Directions for this task - Exactly and in full, give the records again.
*** Data shown Section Begins ***
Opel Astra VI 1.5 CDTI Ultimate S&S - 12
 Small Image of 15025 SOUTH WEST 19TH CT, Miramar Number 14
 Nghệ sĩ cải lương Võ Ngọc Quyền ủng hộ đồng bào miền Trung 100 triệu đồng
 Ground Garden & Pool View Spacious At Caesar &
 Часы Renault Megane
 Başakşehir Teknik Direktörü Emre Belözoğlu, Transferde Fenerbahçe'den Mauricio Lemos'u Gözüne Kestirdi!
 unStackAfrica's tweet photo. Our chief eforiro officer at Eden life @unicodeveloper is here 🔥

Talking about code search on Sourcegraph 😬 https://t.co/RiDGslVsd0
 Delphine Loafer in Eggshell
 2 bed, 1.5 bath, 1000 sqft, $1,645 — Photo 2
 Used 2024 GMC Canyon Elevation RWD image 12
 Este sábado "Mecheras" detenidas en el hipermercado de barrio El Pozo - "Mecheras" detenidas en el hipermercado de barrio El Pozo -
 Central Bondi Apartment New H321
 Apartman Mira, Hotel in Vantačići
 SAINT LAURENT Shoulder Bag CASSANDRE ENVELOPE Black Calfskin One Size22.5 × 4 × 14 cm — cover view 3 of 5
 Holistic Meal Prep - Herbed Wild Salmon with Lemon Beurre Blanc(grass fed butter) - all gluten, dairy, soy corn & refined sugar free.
*** Data shown Section Ends ***
Completed task -
Opel Astra VI 1.5 CDTI Ultimate S&S - 12
 Small Image of 15025 SOUTH WEST 19TH CT, Miramar Number 14
 Nghệ sĩ cải lương Võ Ngọc Quyền ủng hộ đồng bào miền Trung 100 triệu đồng
 Ground Garden & Pool View Spacious At Caesar &
 Часы Renault Megane
 Başakşehir Teknik Direktörü Emre Belözoğlu, Transferde Fenerbahçe'den Mauricio Lemos'u Gözüne Kestirdi!
 unStackAfrica's tweet photo. Our chief eforiro officer at Eden life @unicodeveloper is here 🔥

Talking about code search on Sourcegraph 😬 https://t.co/RiDGslVsd0
 Delphine Loafer in Eggshell
 2 bed, 1.5 bath, 1000 sqft, $1,645 — Photo 2
 Used 2024 GMC Canyon Elevation RWD image 12
 Este sábado "Mecheras" detenidas en el hipermercado de barrio El Pozo - "Mecheras" detenidas en el hipermercado de barrio El Pozo -
 Central Bondi Apartment New H321
 Apartman Mira, Hotel in Vantačići
 SAINT LAURENT Shoulder Bag CASSANDRE ENVELOPE Black Calfskin One Size22.5 × 4 × 14 cm — cover view 3 of 5
 Holistic Meal Prep - Herbed Wild Salmon with Lemon Beurre Blanc(grass fed butter) - all gluten, dairy, soy corn & refined sugar free.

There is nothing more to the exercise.